Uma parte da geração de direita que está hoje no poder ou o orbita teve
formação intelectual. Não aderiu a um partido apenas como quem adere a um clube
de futebol (embora muitas vezes aja como se o tivesse feito): casuisticamente,
por inércia, seguidismo ou tradição familiar. Tratou de encontrar leituras filosóficas
e políticas que fundamentassem a sua escolha ou inclinação natural.
Em muitos casos, deve dizer-se, a procura literária visou apaziguar a
suspeita instintiva e embaraçosa de que há algo de errado com o privilégio que
se tem ou ambiciona. O método consiste em soterrar a dúvida, o mal-estar, o escrúpulo
ou o remorso com umas dezenas de volumes e autores. Ao fim de uma curta
biblioteca, fica-se apto a considerar um bem universal a existência de ricos e classes
favorecidas. Faz-se até equivaler o pragmatismo capitalista (que opera no
pressuposto de que o homem é ambicioso por natureza e isso é inelutável) a uma
legitimação das castas.
Alguns dos que percorreram com empenho a biblioteca acreditam genuinamente
nela e desejam mesmo, com sinceridade e bons sentimentos, que ela funcione para
o bem geral. Outros frequentaram-na apenas o suficiente para obterem o seu
alibi. Se o ideário direitista se revelar um logro, tanto pior para a classe
média, desde que eles o possam continuar a apresentar como bibliografia
recomendada.
As jotas partidárias, contudo, funcionam numa lógica ainda mais
mesquinha, mesmo quando se servem — geralmente em segunda mão — da mesma biblioteca.
É por isso que a JS se pode equivaler, não só operacionalmente, à JSD e à JP: pela
lógica da seita que acomoda os movimentos, as estratégias, as tácticas e os
objectivos dos grupos. Aqui já não se trata de grupos ou classes socais tomados
intemporal e universalmente, mas de um conjunto delimitado e identificado de
elementos que se visa proteger e favorecer. A equivalência entre as jotas e as
claques de futebol, no estilo, nos valores e nos métodos, não é fútil.

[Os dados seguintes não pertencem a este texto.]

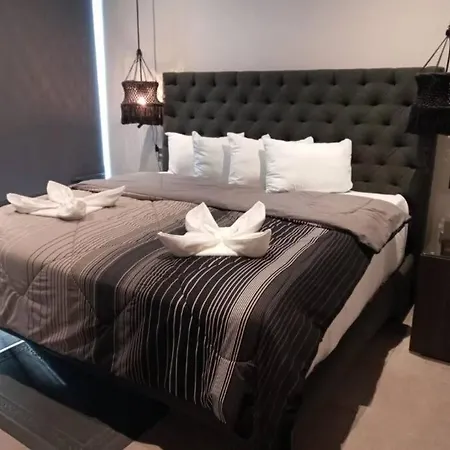 Apartment Dreamcatcher, Luxury With Pool. Gated.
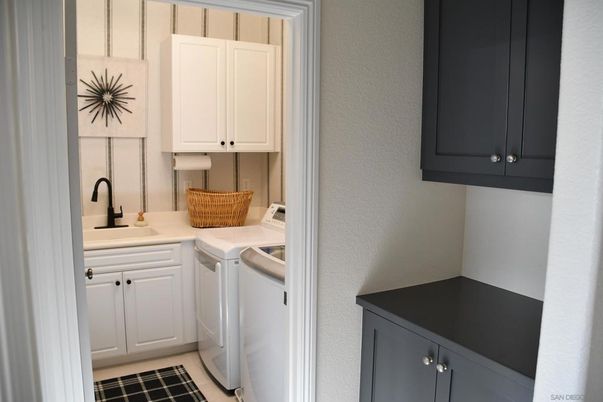 Interior, Washer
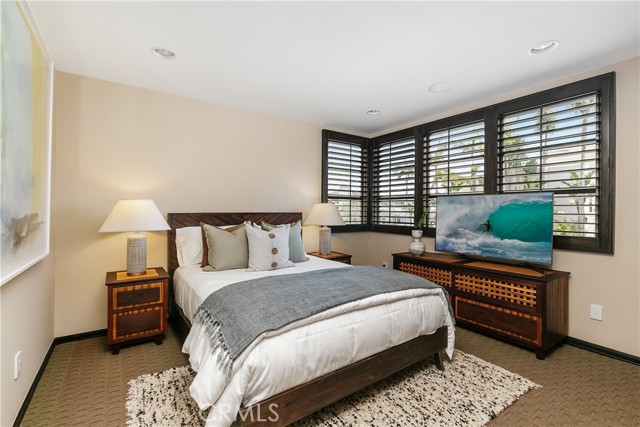 Detail Gallery Image 53 of 72 For 5472 E the Toledo, Long Beach,  CA 90803 - 5 Beds | 4/1 Baths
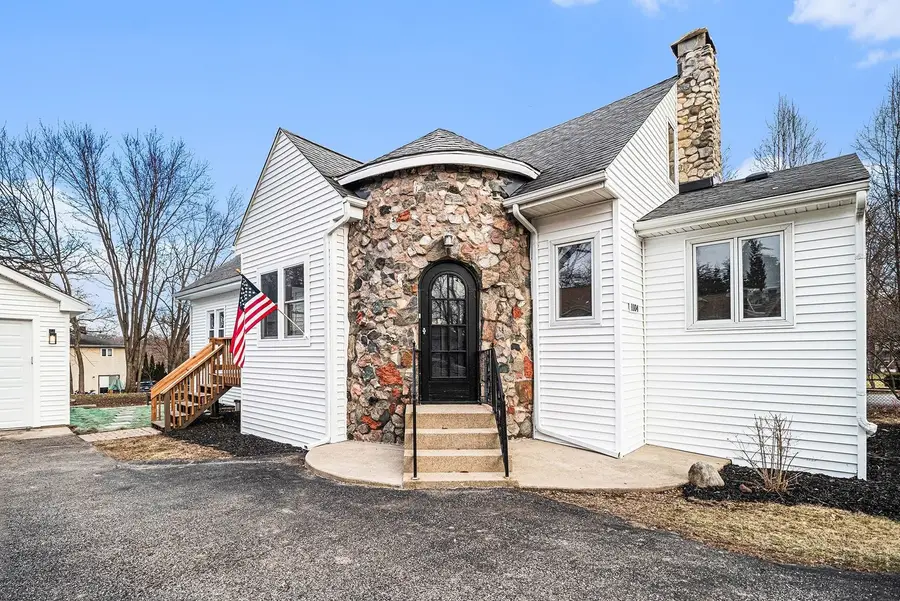 1104 Hillcrest Avenue, Fox River Grove, IL 60021 - Image #2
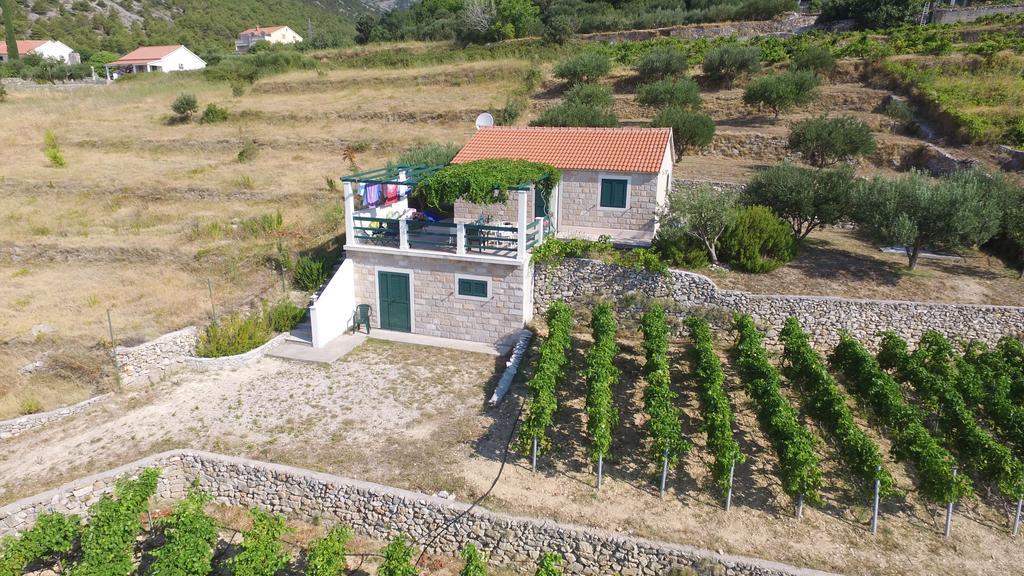 Holiday Home Vineyard House Bol Ngoại thất bức ảnh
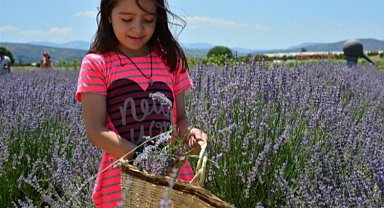BAÇEM'de aromaterapinin şifalı dünyasına yolculuk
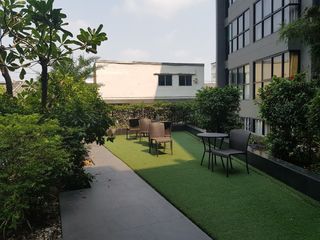 出售 1 卧室 公寓 在 Phra Khanong, 曼谷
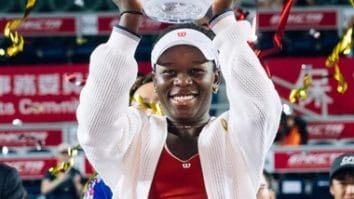 Știri de azi | Tenis: Victoria Mboko, triumfătoare la Hong Kong după ce a învins-o pe Cristina Bucşa. Ea ajunge în top 20 mondial - Știri de azi | 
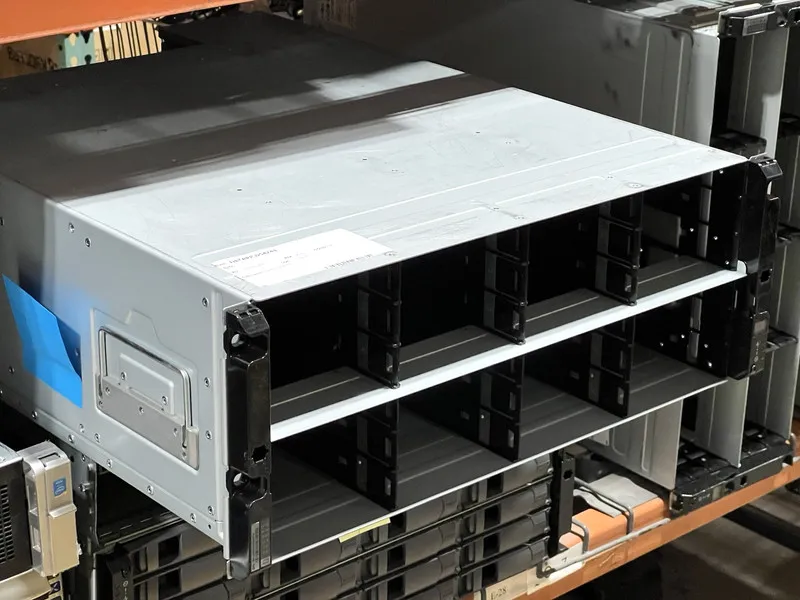 Жёсткий диск NetApp DS4243 24-Bay 3.5" Disk Shelf Storage Array-No HDD/Caddies/P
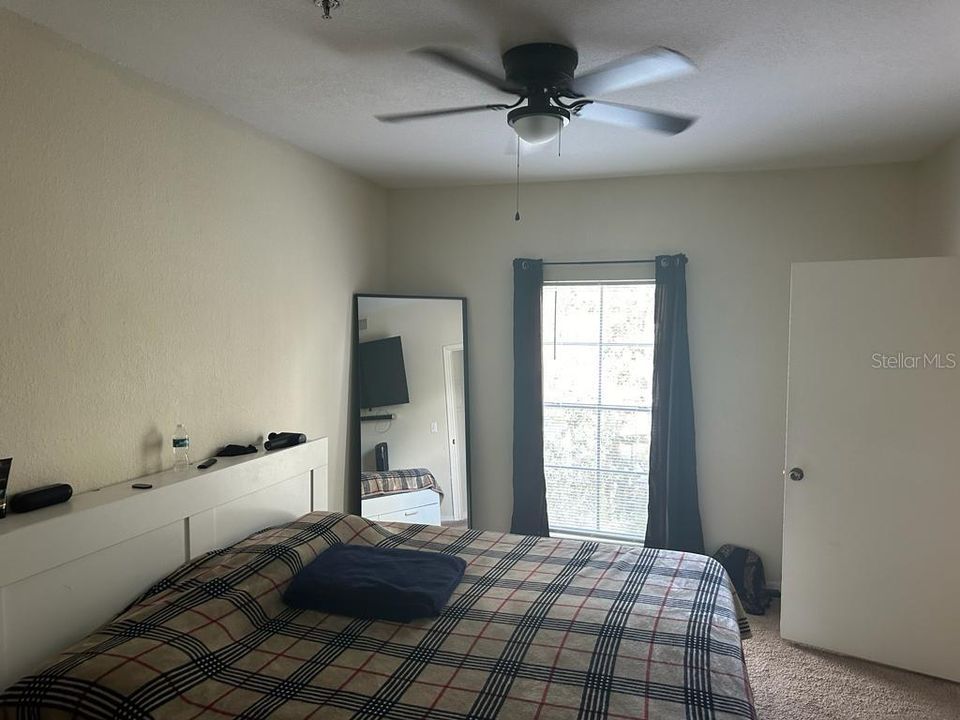 For Sale: $150,000 (1 beds, 1 baths, 702 Square Feet)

Quando Hugo Soares e os cinco anónimos deputados da JSD propõem um
referendo sobre a co-adopção não estão a tentar ser irreverentes e ousados de
uma forma moderna (na sociedade actual, o conservadorismo é mais irreverente do
que o esquerdismo clássico e por isso alguns o adoptaram) — estão a ser
solidários e a agir em articulação com os seus irmãos jotas hoje no poder. É
uma espécie de maçonaria ou Opus Dei, ainda que sem transversalidade partidária,
com circunscrição clubística. Os seus elementos devem mais lealdade à seita do
que ao partido, e muito mais do que à sociedade.
Que a recusa da co-adopção seja também uma das bandeiras conservadoras
é apenas uma coincidência feliz. O mais importante era a manobra dilatória — e
captar as atenções, obter protagonismo. Os valores ou princípios são instrumentos,
caprichos, ferramentas levantadas mais ou menos ao acaso do armário disponível
na sede partidária. Exceptuando um punhado de idealistas geralmente sem
expressão, os jotas apenas visam obter poder e privilégios dentro do sistema,
contra o resto da comunidade — esta é a triste realidade.